In terms of pigs and poultry, the industry has been dealing with dramatic changes in the supplies of feed ingredients that are available, he said. Corn in the U.S. has been replaced to some extent with distillers’ grains products such as DDGS, which is a byproduct of ethanol production.
“In the process that has changed the nature of diets somewhat,” he said. “There’s a lot less starch and a lot more fiber. Also, DDGS has generally less fat. Partly because our traditional fat source has been diverted to biodiesel production, we have had to adapt to that. That is exacerbated now that ethanol producers are taking fat out of ethanol co-products. So we’re in an era where we’re learning how to deal with lower energy density in diets for pigs and poultry.”
Philippe de Laperouse, managing director of HighQuest Partners, opened the conference with a presentation on how investment interest in the agriculture sector has grown dramatically over the past five years, creating unique opportunities for allocating capital across the supply chain and around the world.
He said institutional investors, which include organizations such as banks, insurance companies, hedge funds and mutual funds, are increasingly looking to purchase farmland.
There are currently several key factors driving farmland values upward, de Laperouse said, including population and GDP growth in developing markets, as well as the biofuels mandates and other industrial uses for grain and oilseed crops, which has created record demand.

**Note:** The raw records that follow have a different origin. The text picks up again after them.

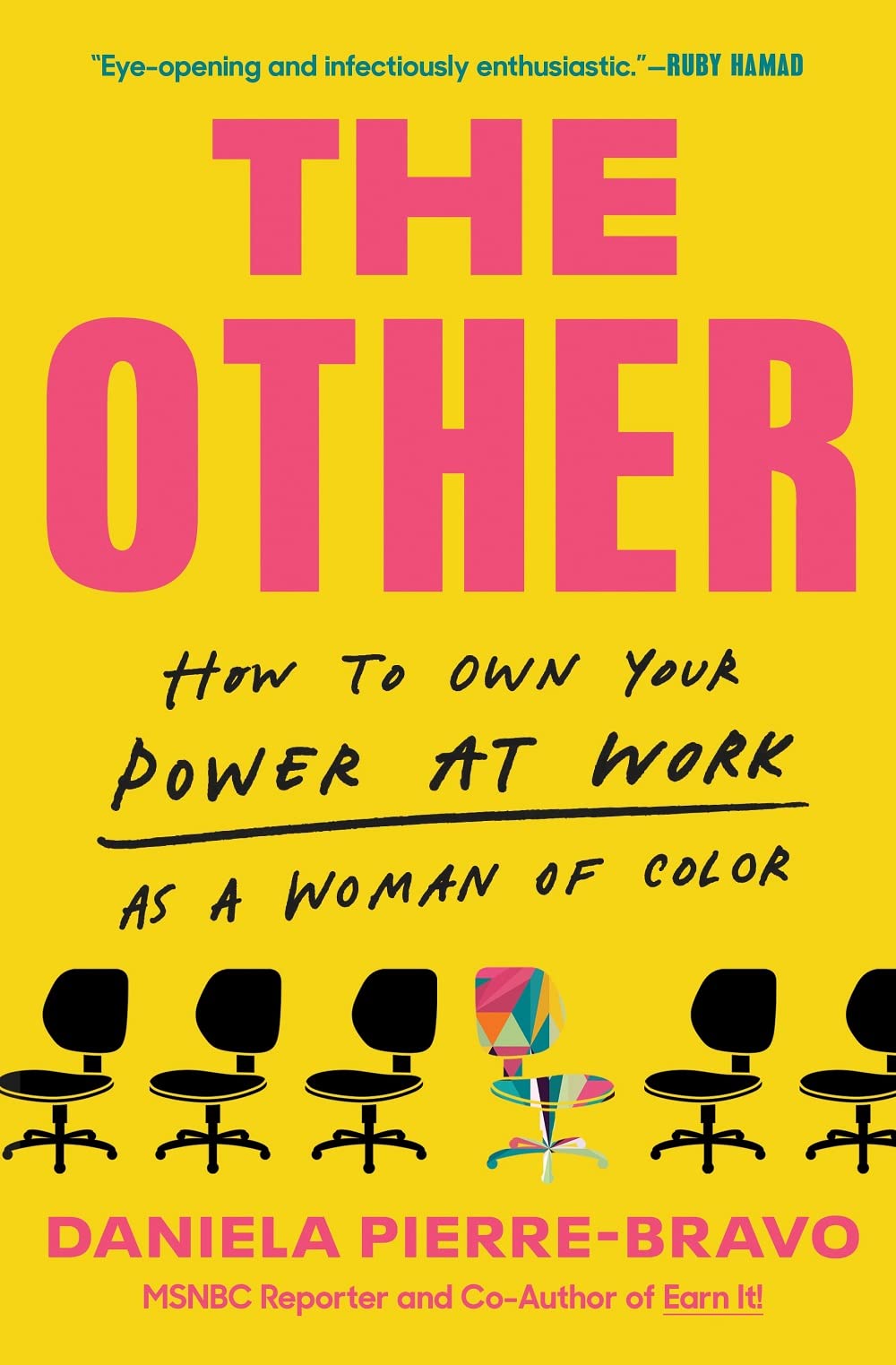 Other: How to Own Your Power at Work as a Woman of Color book cover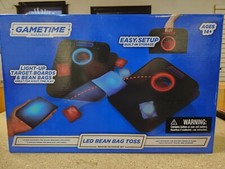 Gametime LED Cornhole Set - BEAN BAG TOSS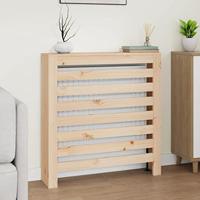 VidaXL Radiatorombouw 79,5x19x84 cm massief grenenhout - thumbnail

Other bullish factors include:
•Global agriculture has seen 4% to 5% annual growth in recent years.
•The total global agriculture market value is estimated at more than $6.4 trillion.
•Global agriculture trade value is expected to increase by 2.7% over the next 10 years.
•Trade of agricultural commodities is forecast to exceed 520 million tonnes in the next 10 years due to rising demand in China, India and other developing countries.
•The rate of increase in supply is slower than the rate of increase in demand.
•High and volatile grain prices are sending price signals for expansion of land used for crop production.
Although crop yields are increasing, Laperouse noted that in recent years the increases have decelerated, which means there is pressure to put more land into crop production to meet demand.
Laperouse said 65 to 68 million hectares will have to be put into production over the next decade to meet demand for grains and oilseeds.
“North America and South America continue to attract the majority of interest on the part of our investors,” he said. “We are seeing more interest in Eastern Europe. We are also seeing North Africa attract more investment as well as sub-Saharan Africa.”